Allo stesso tempo, sfortunatamente, la Serbia si dimostra per l’ennesima volta troppo miope per cogliere le reali opportunità dell’affare Marty: la possibilità di punire i colpevoli, accertare i crimini, dare un volto alle tante vittime scomparse nel nulla, e soprattutto stabilire chiaramente quale e quanta parte dell’attuale classe dirigente kosovara, da Tachi in giù, sia stata coinvolta in queste brutali e losche tratte. Proprio in un momento in cui il dialogo tra Belgrado e Pristina appare possibile, la responsabile e pacifica risoluzione di uno dei tanti, dolorosi nodi che ancora stringono i due paesi sarebbe un vigoroso segnale distensivo. I media serbi, invece, presi dall’entusiasmo, hanno caricato la notizia di valenze spropositate.
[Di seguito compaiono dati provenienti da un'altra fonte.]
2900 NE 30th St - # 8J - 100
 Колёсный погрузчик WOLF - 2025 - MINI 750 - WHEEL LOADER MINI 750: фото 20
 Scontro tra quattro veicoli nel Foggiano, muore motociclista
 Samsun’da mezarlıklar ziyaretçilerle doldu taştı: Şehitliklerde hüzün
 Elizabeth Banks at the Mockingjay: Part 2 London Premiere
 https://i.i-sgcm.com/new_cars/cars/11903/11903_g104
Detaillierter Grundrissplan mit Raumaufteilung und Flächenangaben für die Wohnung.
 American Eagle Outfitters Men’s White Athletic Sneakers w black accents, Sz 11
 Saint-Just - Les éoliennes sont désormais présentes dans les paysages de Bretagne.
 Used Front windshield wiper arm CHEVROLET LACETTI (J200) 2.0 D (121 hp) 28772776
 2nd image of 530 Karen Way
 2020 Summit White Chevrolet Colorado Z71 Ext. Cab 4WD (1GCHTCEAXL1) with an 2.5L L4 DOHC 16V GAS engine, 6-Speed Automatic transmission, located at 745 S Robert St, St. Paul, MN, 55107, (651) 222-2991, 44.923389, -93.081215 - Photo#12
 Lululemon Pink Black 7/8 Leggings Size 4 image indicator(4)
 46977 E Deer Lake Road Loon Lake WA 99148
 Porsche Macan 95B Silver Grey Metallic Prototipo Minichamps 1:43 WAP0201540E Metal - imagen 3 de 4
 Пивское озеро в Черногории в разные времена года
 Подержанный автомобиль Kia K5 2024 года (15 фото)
Glissando sulle parole di Dick Marty stesso, che ha precisato di non essere un giudice né di portare sentenze definitive, ma solo argomenti e indizi da vagliare con attenzione, giornalisti e politici hanno colto l’occasione per dichiarare finalmente come tutto ciò che è stato ripetuto negli ultimi dieci anni, ossia che i serbi sono doppiamente vittime, prima degli albanesi, poi della NATO, si sia ora dimostrato vero.Che le politiche di Milosevic rivolte al Kosovo erano appropriate, necessarie per proteggere la popolazione serba (popolazione serba che, invece, era invisa agli albanesi proprio per le politiche dirette da Belgrado), e che gli albanesi, fondamentalmente, erano e rimangono cattivi.
“La Serbia ha atteso per anni davanti alle istituzioni internazionali una tale dichiarazione”, ha dichiarato il presidente serbo Tadic, sottolineando come negli anni passati la Serbia sia stata sempre rappresentata come unica colpevole degli orrori perpetrati su suolo ex-jugoslavo, mentre oggi, dopo il rapporto Marty, simili letture “cadono nel vuoto”.
Sembra insomma che più della verità dei fatti, alla Serbia interessi trovare il modo di scaricare ad altri la disastrosa responsabilità per la storia degli ultimi vent’anni. Illusione che si dimostrerà, per forza di cose, doppiamente fallimentare: da un lato perché non è passando di mano in mano il cerino acceso delle responsabilità belliche che si arriverà ad una riappacificazione, ma solo attraverso una cosciente, obiettiva e condivisa rilettura dei fatti, in cui ciascun popolo, prima di chiedere giustizia ai vicini, dovrà rimediare ai propri errori (e la Serbia, nei confronti degli albanesi del Kosovo, ne ha compiuti un’enormità); dall’altro, perché la generalizzata immagine di vittima che la Serbia cerca di ritagliarsi, non potendo ovviamente risultare credibile agli occhi del mondo, rischia solo, come già accadde quindici anni fa con i serbi della Krajina, di soffocare le richieste di giustizia di quei serbi che veramente hanno sofferto, e che sono stati doppiamente traditi da Belgrado. La prima volta nella carne, la seconda, nella memoria.